* Listed records:
★ ★ ★ ★

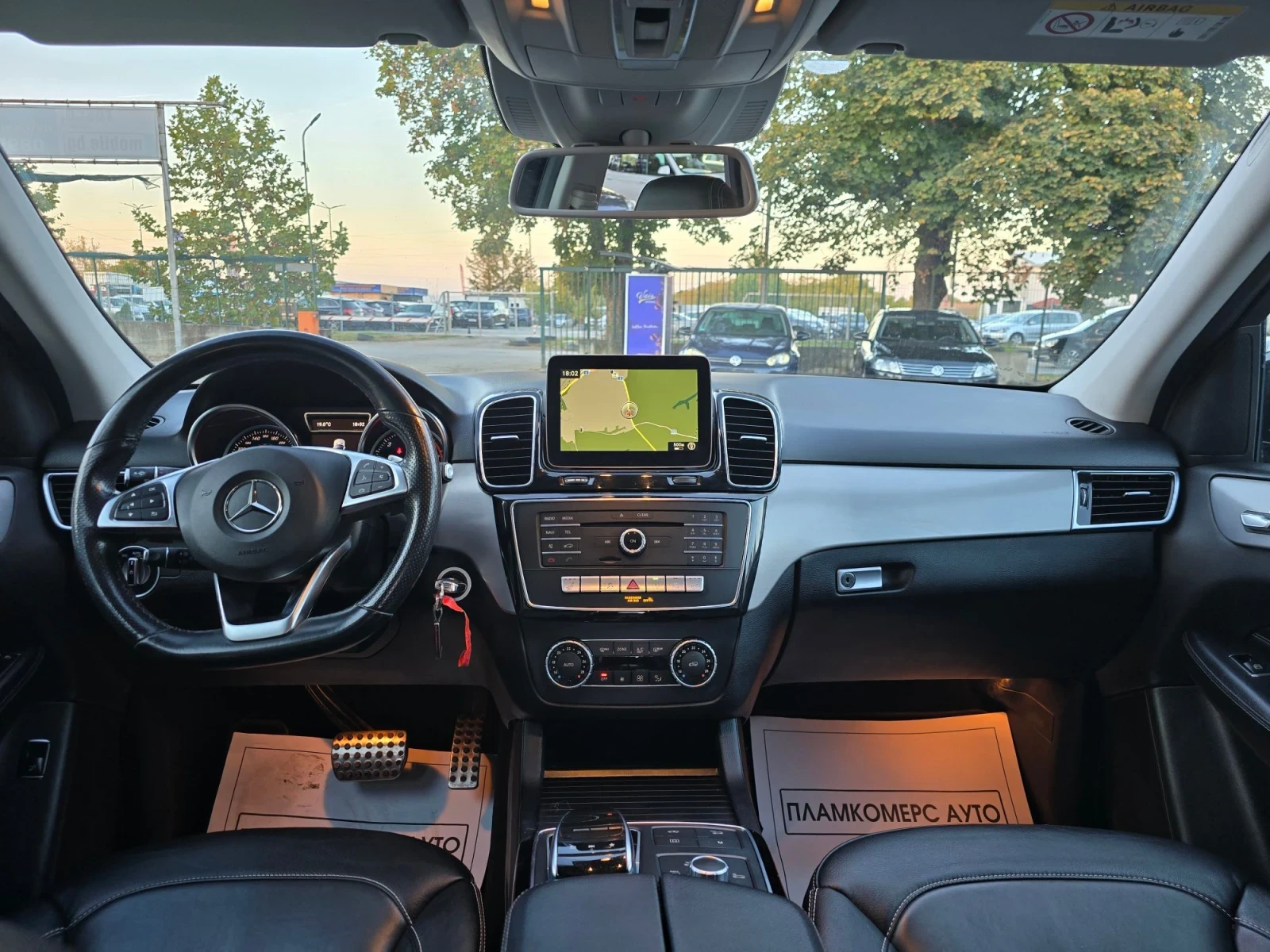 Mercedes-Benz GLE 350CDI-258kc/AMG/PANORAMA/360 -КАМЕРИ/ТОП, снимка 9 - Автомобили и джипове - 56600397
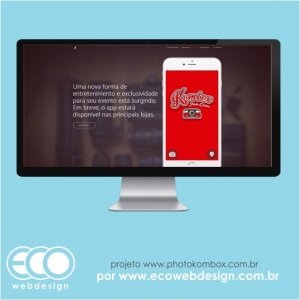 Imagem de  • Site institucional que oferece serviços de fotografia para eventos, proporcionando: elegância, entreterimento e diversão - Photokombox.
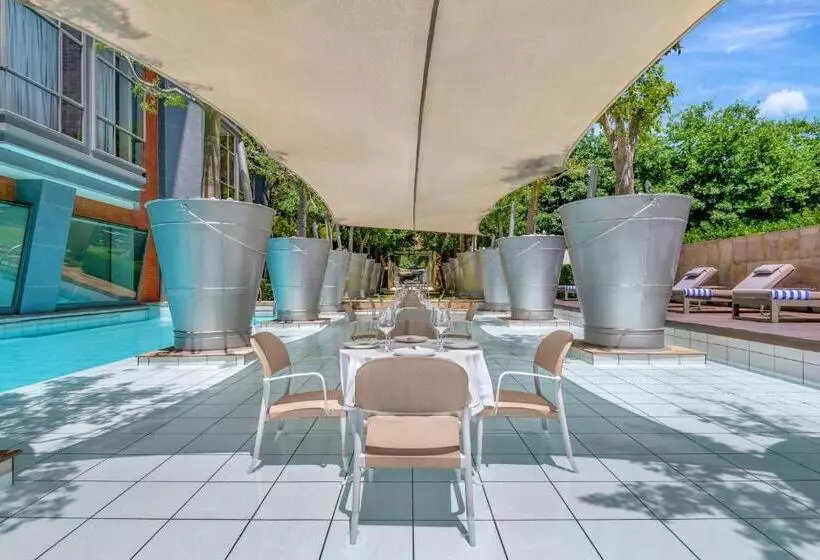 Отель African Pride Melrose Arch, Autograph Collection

★ ★ ★ ★

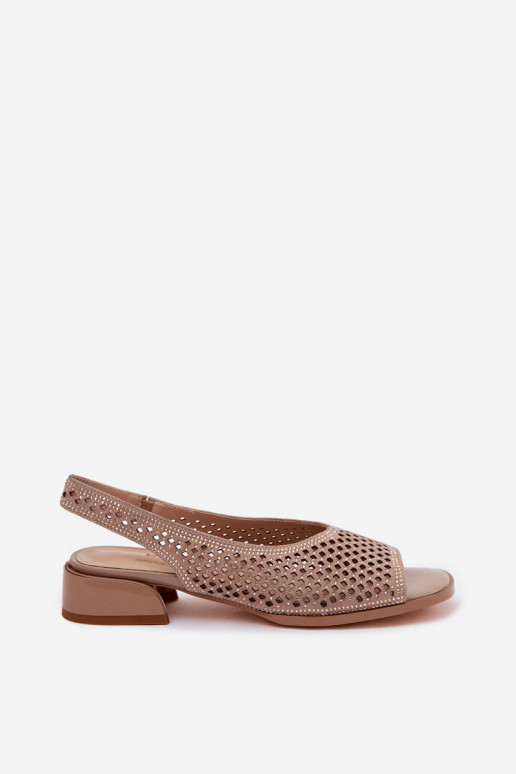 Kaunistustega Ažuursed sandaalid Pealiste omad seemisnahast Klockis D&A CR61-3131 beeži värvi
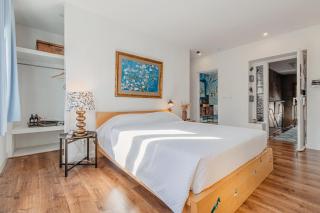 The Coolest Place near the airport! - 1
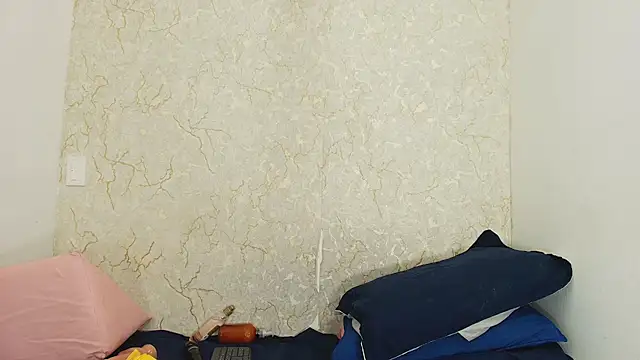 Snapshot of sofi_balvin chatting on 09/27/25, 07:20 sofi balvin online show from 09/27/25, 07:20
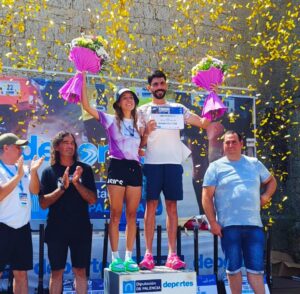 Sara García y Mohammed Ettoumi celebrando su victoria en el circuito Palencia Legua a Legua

★ ★ ★ ★

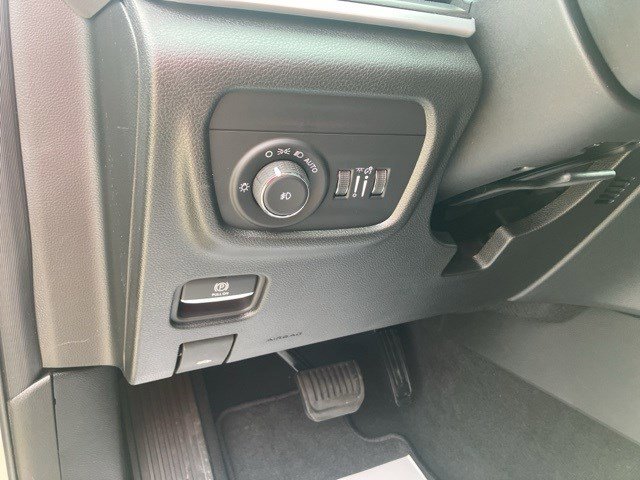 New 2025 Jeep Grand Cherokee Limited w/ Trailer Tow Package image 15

★ ★ ★ ★

* Your instructions: Starting at the line above with "Mercedes-Benz GLE 350CDI-258kc/AMG/PANORAMA/360", output every line exactly up to and including the line with "Отель African Pride", but none of the pictures.

* Response to the exercise:
 Mercedes-Benz GLE 350CDI-258kc/AMG/PANORAMA/360 -КАМЕРИ/ТОП, снимка 9 - Автомобили и джипове - 56600397
 Imagem de  • Site institucional que oferece serviços de fotografia para eventos, proporcionando: elegância, entreterimento e diversão - Photokombox.
 Отель African Pride Melrose Arch, Autograph Collection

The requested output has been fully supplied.